The reply must repeat the listing below exactly and carry none of its pictures.

**Information supplied:**
[Start of section]
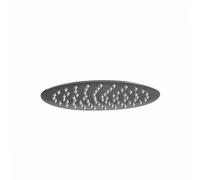 Plumb Warehouse 200mm Chrome Round Shower Head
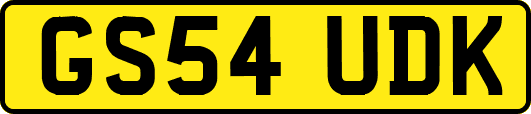 GS54UDK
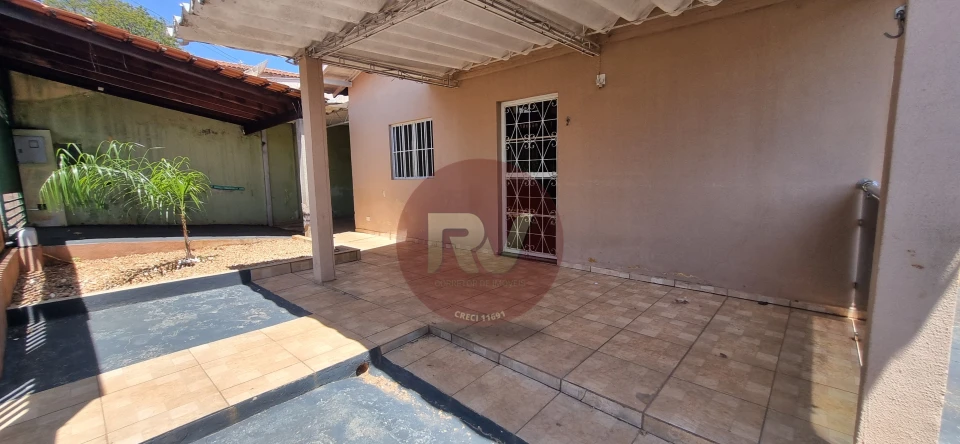 LOCAÇÃO CASA TÉRREA - JARDIM PRESIDENTE - R$1.900,00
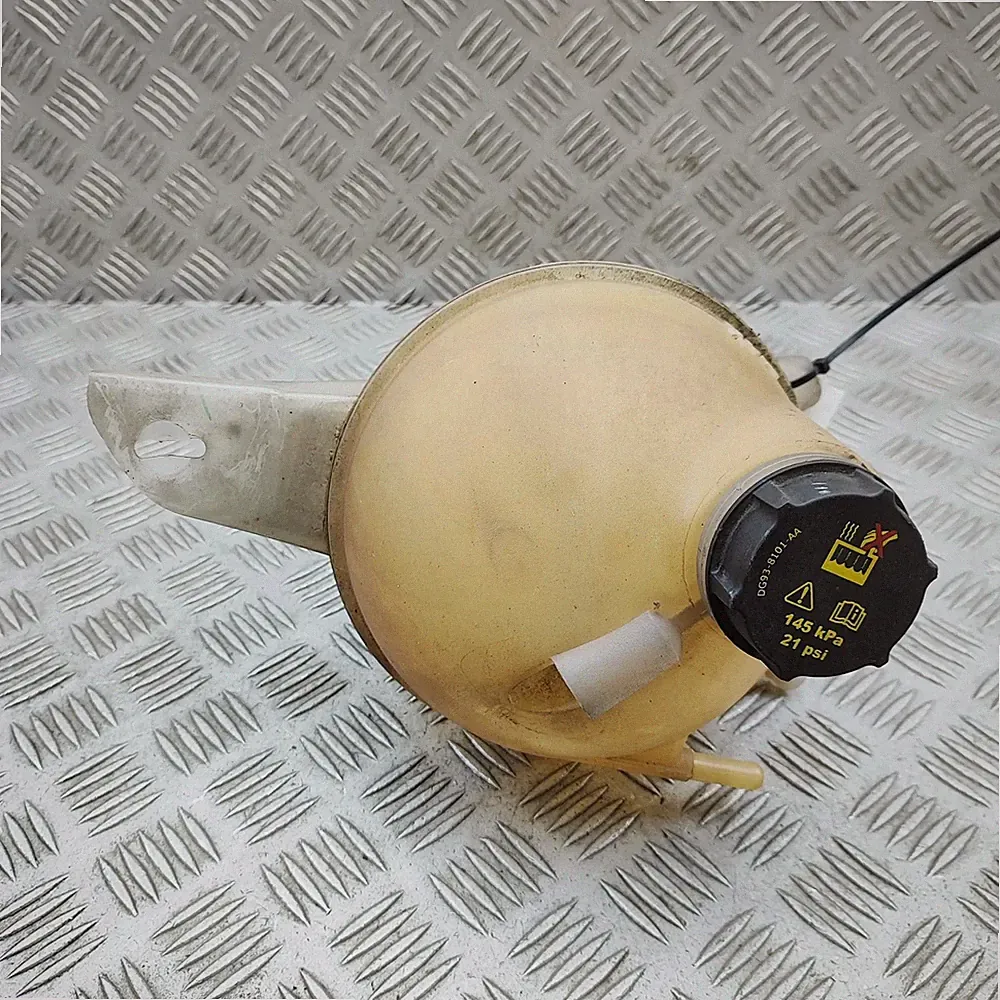 FORD TRANSIT ZOLL MK1 Expansion Tank BK21-8K218-AH 2.0 Diesel 77kW 2019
[End of section]
**Exercise solution:**
 Plumb Warehouse 200mm Chrome Round Shower Head
 GS54UDK
 LOCAÇÃO CASA TÉRREA - JARDIM PRESIDENTE - R$1.900,00
 FORD TRANSIT ZOLL MK1 Expansion Tank BK21-8K218-AH 2.0 Diesel 77kW 2019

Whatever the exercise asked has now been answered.